Dublin have done what has been expected of them. In the Leinster final I thought Laois caused Dublin plenty of problems in the full-back line with the aerial threat of Donie Kingston. He may have been have a bit isolated at times, but I'm sure Bonner will have noticed this and I'd expect to see Michael Murphy do a stint at full-forward. The big games tend to bring the best out of Philly McMahon and this is a challenge he will relish.

Dublin's answer to Ryan McHugh will surely be to put Jack McCaffrey back in the team from the off. His speed will be crucial to breaking down the Donegal rearguard who have only conceded two goals in four games. It was remarkable to watch McCaffrey's speed in the Leinster final, coming only nine months after a cruciate ligament operation.

Dublin's front six have become very potent. There is a lovely mix of panache and score-taking ability coupled with a ferocious desire to get the ball back once the opposition have it. This is the foundation on which this Dublin team is built. Some may not think Paddy Andrews would get into other top contenders' forward line, but watch his movement off the ball, watch how he creates space for players all around, watch how he is always an outlet for a kick pass and watch how hard he works to get the ball back.

Niall Scully, one of the newer generation, falls into a similar bracket. They aren't the big names Ciaran Kilkenny or Con O'Callaghan are, but in a way, they epitomise how Dublin go about their business on the field.

One of Bonner's big dilemmas is who he matches up to mark Dublin's front men. They have scoring ability everywhere and it will need to be a huge performance from the Donegal rearguard to nullify the Dublin attack. Donegal will probably drop McGlynn back to protect them, but we saw last year how Dublin dismantled Tyrone as they were stuck in a predictable, rigid defensive structure. If Donegal play like this, I see only one winner.

Donegal will need, at times, to throw caution to the wind and commit numbers to attack. If they can't get the likes of Brennan and Murphy one on one with Dublin defenders it could be a long day for them.

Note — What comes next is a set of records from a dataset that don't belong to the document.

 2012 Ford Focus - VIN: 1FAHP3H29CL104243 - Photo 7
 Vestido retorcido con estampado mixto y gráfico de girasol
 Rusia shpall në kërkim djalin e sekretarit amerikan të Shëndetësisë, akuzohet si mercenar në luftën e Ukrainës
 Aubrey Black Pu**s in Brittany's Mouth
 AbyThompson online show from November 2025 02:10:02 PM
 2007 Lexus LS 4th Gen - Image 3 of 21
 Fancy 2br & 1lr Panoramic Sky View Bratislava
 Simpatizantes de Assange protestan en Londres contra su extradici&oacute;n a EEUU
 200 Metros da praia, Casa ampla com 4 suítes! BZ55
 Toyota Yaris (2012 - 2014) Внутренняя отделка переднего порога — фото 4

In saying that, I think Bonner is a coach of a different mindset. Donegal are the last team to beat Dublin in the championship and this must sow a little seed of doubt in the back of Dublin's players' minds. I think Bonner will be brave enough and has the belief in his charges to send them out to go toe to toe with Dublin. That doesn't mean abandoning a defensive system, it means committing men to the attack when Donegal have the ball and maintaining a shape to your team up front when Dublin have possession.

I think it will be a belter of a game - I can see it being close for the first 60 minutes with Dublin to pull away then and win by four.